----- Source data -----
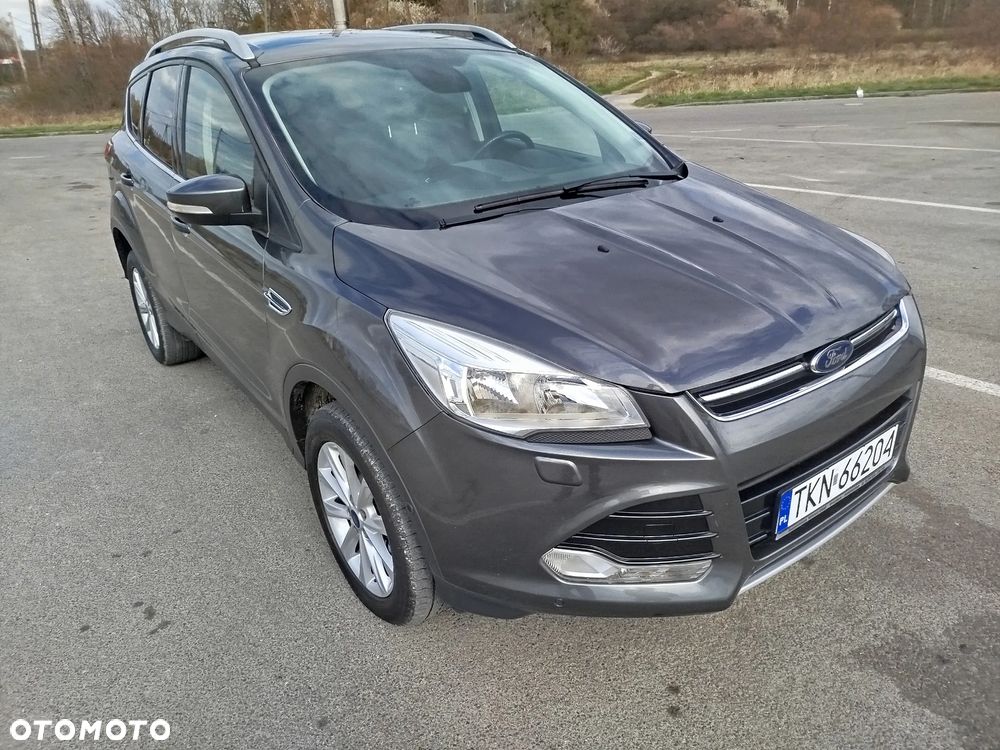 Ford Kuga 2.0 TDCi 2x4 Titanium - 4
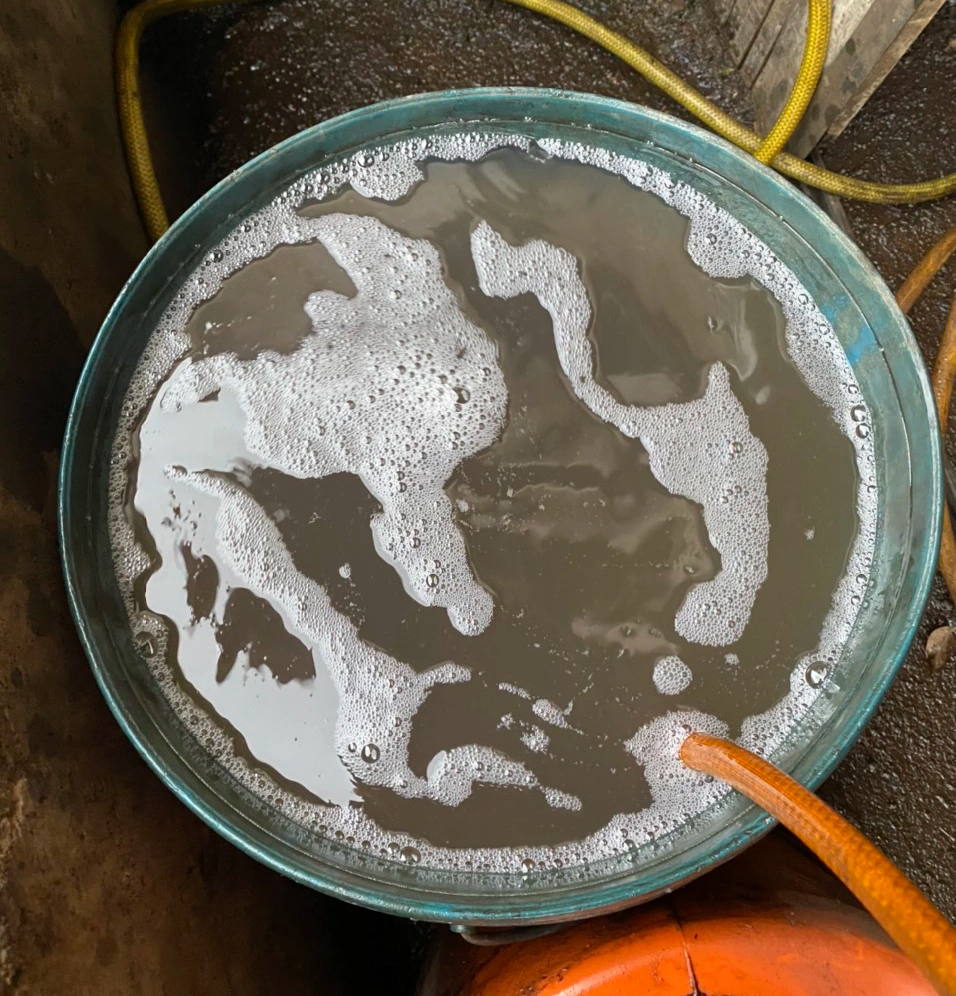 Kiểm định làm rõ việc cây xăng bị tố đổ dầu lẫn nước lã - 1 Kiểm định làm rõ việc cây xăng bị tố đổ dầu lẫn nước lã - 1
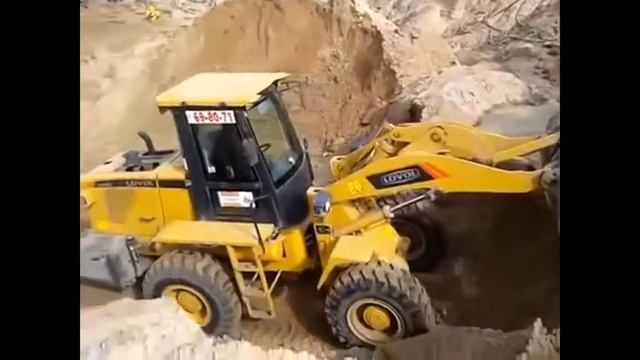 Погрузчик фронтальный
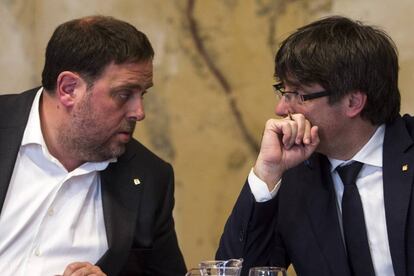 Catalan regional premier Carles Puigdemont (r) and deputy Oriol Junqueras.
-----
## Problem details:
Reproduce the material above in full, exactly, with no images.

## Answer space:
 Ford Kuga 2.0 TDCi 2x4 Titanium - 4
 Kiểm định làm rõ việc cây xăng bị tố đổ dầu lẫn nước lã - 1 Kiểm định làm rõ việc cây xăng bị tố đổ dầu lẫn nước lã - 1
 Погрузчик фронтальный
 Catalan regional premier Carles Puigdemont (r) and deputy Oriol Junqueras.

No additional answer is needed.